This presentation is part of: O52-1 (2092) Challenges to European Union Integration - I

Economic Growth Convergence Analysis of the European Integration Process

Svatopluk Kapounek, Ph.D., Faculty of Business Economics, Mendel University, Zemedelska 1, Brno, 613 00, Czech Republic and Lubor Lacina, Ph.D., Faculty of Business Economics, Department of Finance, Mendel University, Czech Republic, Mendel University of Agriculture and Forestry, Zemedelska 1, Brno, 613 00, Czech Republic.
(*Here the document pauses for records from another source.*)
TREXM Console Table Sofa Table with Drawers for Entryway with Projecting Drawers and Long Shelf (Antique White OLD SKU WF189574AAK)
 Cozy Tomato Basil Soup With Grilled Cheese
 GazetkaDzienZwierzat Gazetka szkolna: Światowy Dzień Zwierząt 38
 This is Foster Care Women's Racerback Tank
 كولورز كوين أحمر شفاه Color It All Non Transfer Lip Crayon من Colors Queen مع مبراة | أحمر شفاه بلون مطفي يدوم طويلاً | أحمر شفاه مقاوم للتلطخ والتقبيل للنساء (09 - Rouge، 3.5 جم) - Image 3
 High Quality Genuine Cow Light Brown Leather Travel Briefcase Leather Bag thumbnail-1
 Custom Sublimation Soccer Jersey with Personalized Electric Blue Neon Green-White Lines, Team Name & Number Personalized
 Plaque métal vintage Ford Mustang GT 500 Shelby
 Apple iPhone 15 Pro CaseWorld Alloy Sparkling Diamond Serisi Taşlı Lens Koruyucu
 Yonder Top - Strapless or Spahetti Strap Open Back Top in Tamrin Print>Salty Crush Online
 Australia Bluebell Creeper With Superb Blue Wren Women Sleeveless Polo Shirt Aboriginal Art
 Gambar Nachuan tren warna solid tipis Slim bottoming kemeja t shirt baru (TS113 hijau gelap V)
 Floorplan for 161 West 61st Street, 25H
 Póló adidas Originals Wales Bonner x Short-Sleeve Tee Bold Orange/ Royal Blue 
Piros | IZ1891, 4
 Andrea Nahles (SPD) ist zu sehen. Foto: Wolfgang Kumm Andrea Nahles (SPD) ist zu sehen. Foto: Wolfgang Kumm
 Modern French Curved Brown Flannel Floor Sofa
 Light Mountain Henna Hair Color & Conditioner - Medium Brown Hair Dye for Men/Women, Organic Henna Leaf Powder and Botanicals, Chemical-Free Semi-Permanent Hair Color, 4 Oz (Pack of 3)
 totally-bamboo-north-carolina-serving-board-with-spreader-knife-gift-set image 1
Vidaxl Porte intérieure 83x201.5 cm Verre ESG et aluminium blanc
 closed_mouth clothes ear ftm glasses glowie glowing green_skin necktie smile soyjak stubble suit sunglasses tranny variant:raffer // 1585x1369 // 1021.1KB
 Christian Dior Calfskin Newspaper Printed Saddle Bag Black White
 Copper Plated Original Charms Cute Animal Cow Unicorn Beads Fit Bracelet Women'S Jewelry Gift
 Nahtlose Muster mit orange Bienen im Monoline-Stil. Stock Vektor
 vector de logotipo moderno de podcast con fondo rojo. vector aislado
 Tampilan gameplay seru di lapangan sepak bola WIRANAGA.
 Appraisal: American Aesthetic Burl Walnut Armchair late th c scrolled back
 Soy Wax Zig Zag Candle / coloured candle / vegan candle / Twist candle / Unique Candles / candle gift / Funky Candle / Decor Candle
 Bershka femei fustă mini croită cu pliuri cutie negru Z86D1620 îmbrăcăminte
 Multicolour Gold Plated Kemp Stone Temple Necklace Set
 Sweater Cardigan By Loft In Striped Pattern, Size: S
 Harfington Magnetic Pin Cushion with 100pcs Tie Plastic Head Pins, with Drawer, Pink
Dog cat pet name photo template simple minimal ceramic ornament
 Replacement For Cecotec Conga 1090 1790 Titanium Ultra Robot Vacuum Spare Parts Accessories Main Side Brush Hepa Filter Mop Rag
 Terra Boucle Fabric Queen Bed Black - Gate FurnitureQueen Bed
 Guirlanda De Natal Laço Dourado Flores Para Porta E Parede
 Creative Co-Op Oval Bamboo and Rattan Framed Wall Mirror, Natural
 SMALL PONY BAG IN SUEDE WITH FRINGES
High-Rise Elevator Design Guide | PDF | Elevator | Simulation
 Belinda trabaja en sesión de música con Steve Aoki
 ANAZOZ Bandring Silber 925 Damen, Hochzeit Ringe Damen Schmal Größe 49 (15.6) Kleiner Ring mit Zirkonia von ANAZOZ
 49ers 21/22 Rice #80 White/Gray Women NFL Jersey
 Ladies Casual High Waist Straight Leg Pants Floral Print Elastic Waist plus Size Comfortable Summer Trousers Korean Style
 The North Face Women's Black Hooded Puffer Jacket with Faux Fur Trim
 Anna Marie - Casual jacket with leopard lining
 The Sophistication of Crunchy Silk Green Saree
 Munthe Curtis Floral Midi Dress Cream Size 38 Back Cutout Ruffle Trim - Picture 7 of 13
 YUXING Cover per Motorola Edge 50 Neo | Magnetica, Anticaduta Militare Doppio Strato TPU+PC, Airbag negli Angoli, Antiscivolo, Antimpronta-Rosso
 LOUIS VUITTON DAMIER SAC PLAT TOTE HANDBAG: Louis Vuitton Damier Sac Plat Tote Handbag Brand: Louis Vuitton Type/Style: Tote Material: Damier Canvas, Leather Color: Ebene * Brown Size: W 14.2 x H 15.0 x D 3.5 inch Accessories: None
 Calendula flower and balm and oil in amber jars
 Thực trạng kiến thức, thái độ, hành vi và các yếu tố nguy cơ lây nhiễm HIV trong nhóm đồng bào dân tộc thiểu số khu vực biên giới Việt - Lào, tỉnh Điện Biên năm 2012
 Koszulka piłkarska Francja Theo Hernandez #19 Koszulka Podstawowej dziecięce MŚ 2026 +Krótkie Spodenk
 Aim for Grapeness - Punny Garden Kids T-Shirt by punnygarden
The authors suppose that European integration process creates positive externality which is able to develop and maintain competitive advantage of the member states in terms of economic growth. This hypothesis is based on the endogenous growth theory. This competitive advantage in economic growth concurrently differs in initial conditions of economic growth from states which not anticipate in the European integration process. The estimated mean steady-states for each group are significantly different from each other implying that the groups are convergence clubs.  The aim of this article is to identify two sets of countries in the growth model of multiple steady-states. The difference in the sets is represented by the role of the country in the European integration process.
Data/Methods:
Sources of data: OECD database
Expected Results:
The analysed periods are divided into the four parts corresponds to integration waves and relate approximately to the European integration process. The authors show, that the groups in the multiple steady-states model are changing during the analysed periods.